[[ EXTRACTED ENTRIES open ]]
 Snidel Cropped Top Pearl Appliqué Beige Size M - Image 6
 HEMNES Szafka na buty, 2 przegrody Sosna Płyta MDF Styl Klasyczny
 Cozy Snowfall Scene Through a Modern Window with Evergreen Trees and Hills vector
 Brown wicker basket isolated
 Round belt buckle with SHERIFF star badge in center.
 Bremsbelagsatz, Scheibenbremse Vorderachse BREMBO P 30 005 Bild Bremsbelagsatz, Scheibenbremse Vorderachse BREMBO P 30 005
[[ EXTRACTED ENTRIES closed ]]
[[ EXTRACTED ENTRIES open ]]
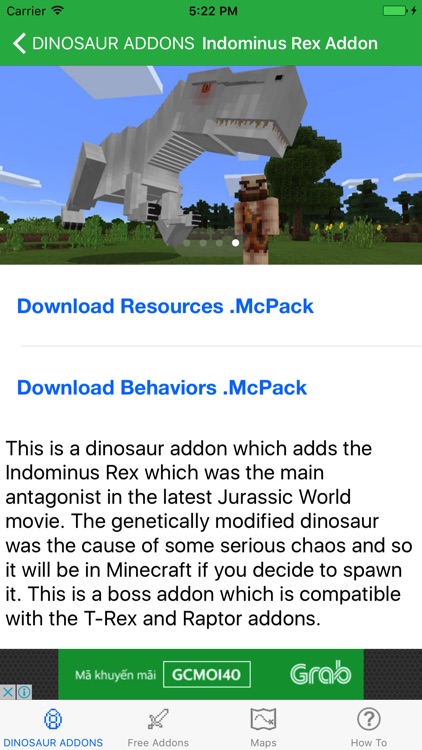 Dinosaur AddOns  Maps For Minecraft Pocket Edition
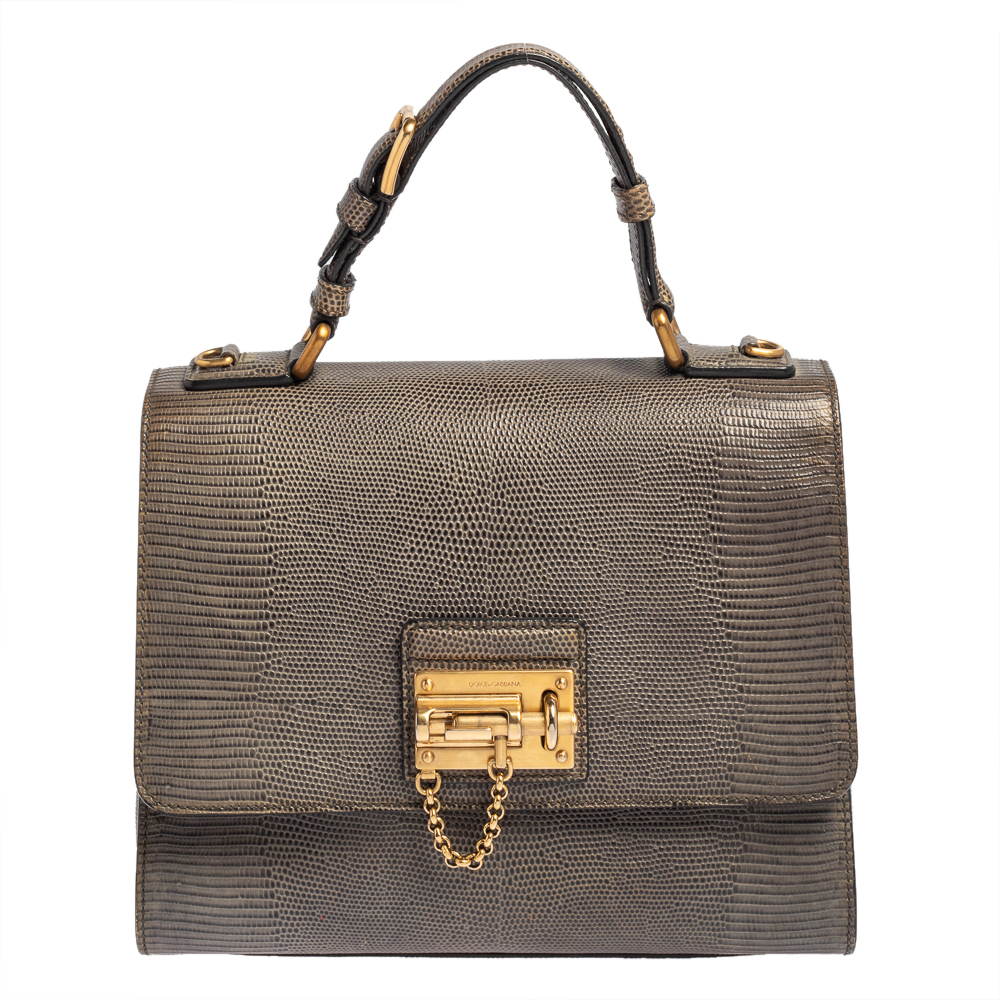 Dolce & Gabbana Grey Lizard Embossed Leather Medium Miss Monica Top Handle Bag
[[ EXTRACTED ENTRIES closed ]]
### THE PROBLEM:
Among the records above, only the lines between the line holding "Snidel Cropped Top" and the line holding "Bremsbelagsatz, Scheibenbremse Vorderachse BREMBO P 30 005 Bild", inclusive, are to be output, exactly as written.

### RESPONSE BELOW:
 Snidel Cropped Top Pearl Appliqué Beige Size M - Image 6
 HEMNES Szafka na buty, 2 przegrody Sosna Płyta MDF Styl Klasyczny
 Cozy Snowfall Scene Through a Modern Window with Evergreen Trees and Hills vector
 Brown wicker basket isolated
 Round belt buckle with SHERIFF star badge in center.
 Bremsbelagsatz, Scheibenbremse Vorderachse BREMBO P 30 005 Bild Bremsbelagsatz, Scheibenbremse Vorderachse BREMBO P 30 005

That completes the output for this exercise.